After experimenting with a couple of options, including turning lamps from wood in an power drill, I went for the following approach as it would allow me to insert an LED. The body for the lamp was a 7mm piece of 6mm square Plastruct tube. A 1.5mm hole was then drilled in the centre of one side and out through the opposite side.

One of these holes was then opened out to 3mm diameter with a round needle file. This was a lot more controllable than trying to open it out with a 3mm drill which tended to wander.

A 1mm thick 'washer' was cut from a length of 4mm OD Plastruct tube and glued to the front of the lamp.

The lamp body was then glued to a piece of 1.5mm thick plasticard and once set, was trimmed off and bevelled with a piece of fine grade emery paper to make a cap. A 2mm thick washer was cut from 4mm OD tube and a cap punched from 1.5mm thick plasticard using a hole punch. The cap was also bevelled with sand paper and before the tube and cap were added to the lamp body for a chimney.

The lamp was then given a couple of coats of matt black acrylic paint inside and out.

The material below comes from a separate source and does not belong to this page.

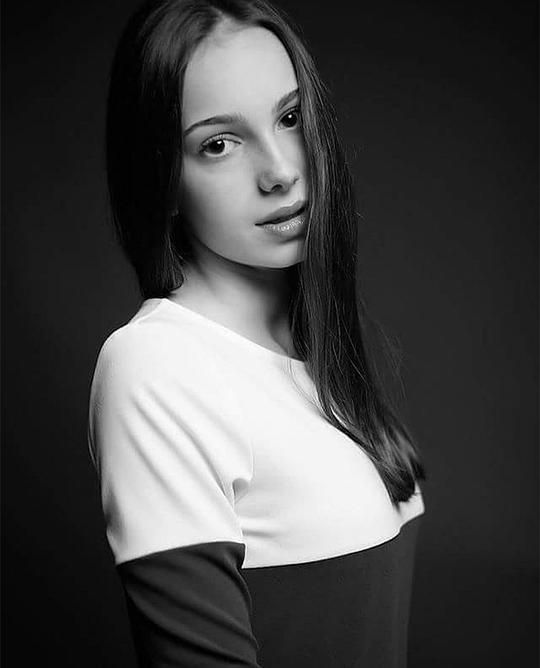 安吉莉卡·阿勒鲁佐 Angelica Alleruzzo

After purchasing a variety of LED powered flickering tealights I tracked down one which used 3mm LEDs without an additional circuit board (some lights have 5mm LEDs and others have a small circuit board to give a flicker to a standard LED).

These came from my local 50p shop. The leads to the LED were bent through 90 degrees and the LED inserted into the lamp to shine through the front.

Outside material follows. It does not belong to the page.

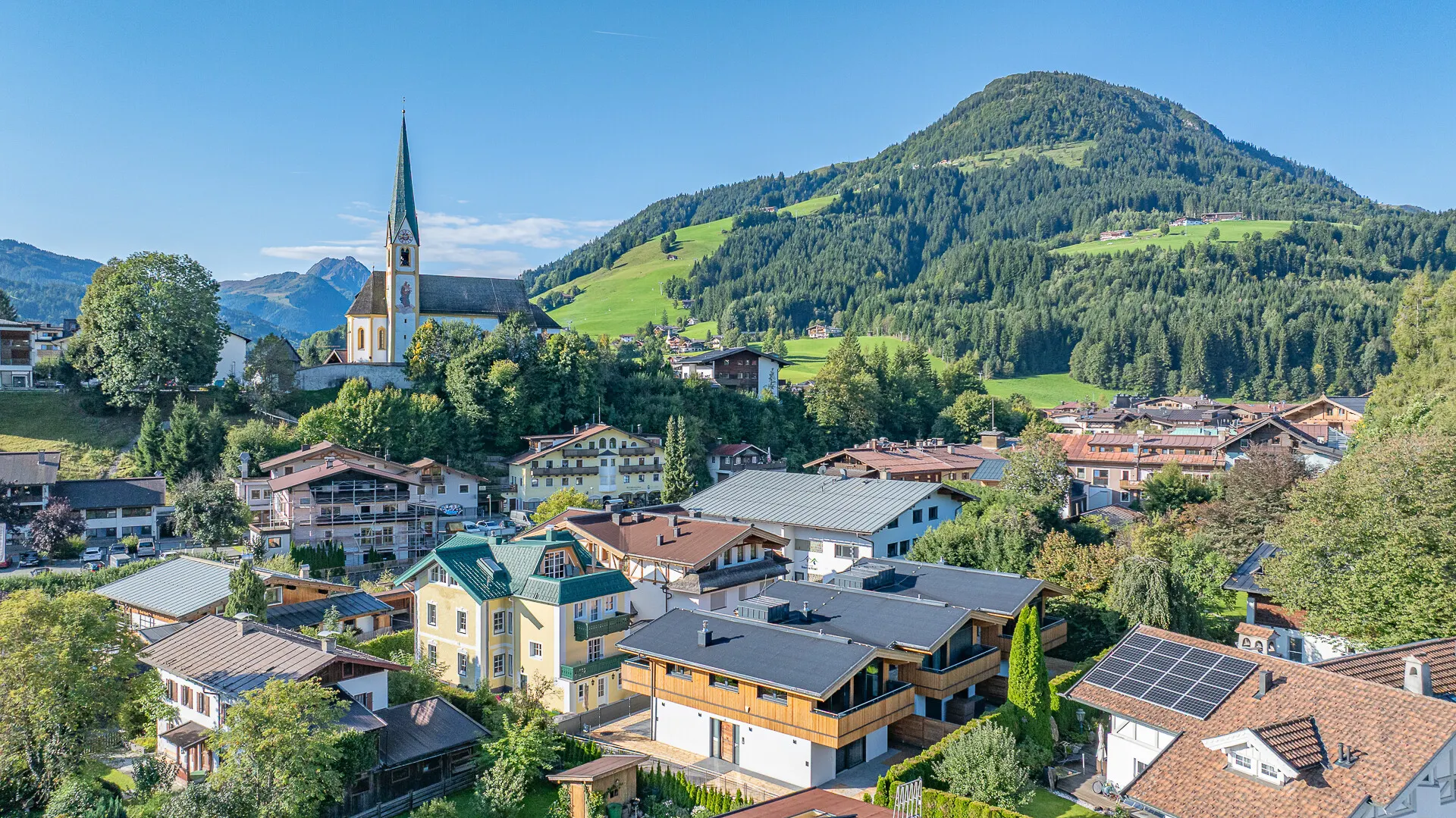 KITZIMMO-Luxuschalet in Toplage kaufen - Immobilien Kirchberg Tirol.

The inside of the lamp was then flooded with clear Bostik to hold the LED in place.

A  10mm x 20mm base for each lamp was cut from 1.5mm plasticard and two 2mm holes drilled as shown for the LED leads.

 The lamp was then glued to the base.

Lamp bracket

To support the lamp, 7.5mm wide brackets were cut from a length of 10mm x 10mm wide brass angle.

Two 1mm holes were drilled in one side of each bracket roughly 3mm from the edges.

10mm lengths of 1mm diameter brass rod were then soldered into the holes ......

.... and any excess solder removed with a file.

The brackets were then given a couple of coats of black primer.

Shutters for the lamps with a radius of 1.8mm were marked out  a piece of 0.6mm thick brass using a card template.

The concave arc of each shutter was filed before removing them from the sheet as this made them easier to hold in the vice.

The shutters were then cut from the sheet with snips and tidied up with a file.

After marking the position of pivot and allowing 1.5mm for the thickness of the base, two 1mm holes were drilled in the side of the signal using the pegs on the bracket to guide their exact position. This would account for any slight variation in the positioning of the pegs on each bracket.

The bracket was then superglued to the post. At this point some wriggling was done to ensure the brackets were vertically aligned - the 'give' in the brass pins and the wood allowed for a few thou' movement.

The lamp was then superglued to the bracket (the base was left unpainted to ensure a good key between it and the bracket).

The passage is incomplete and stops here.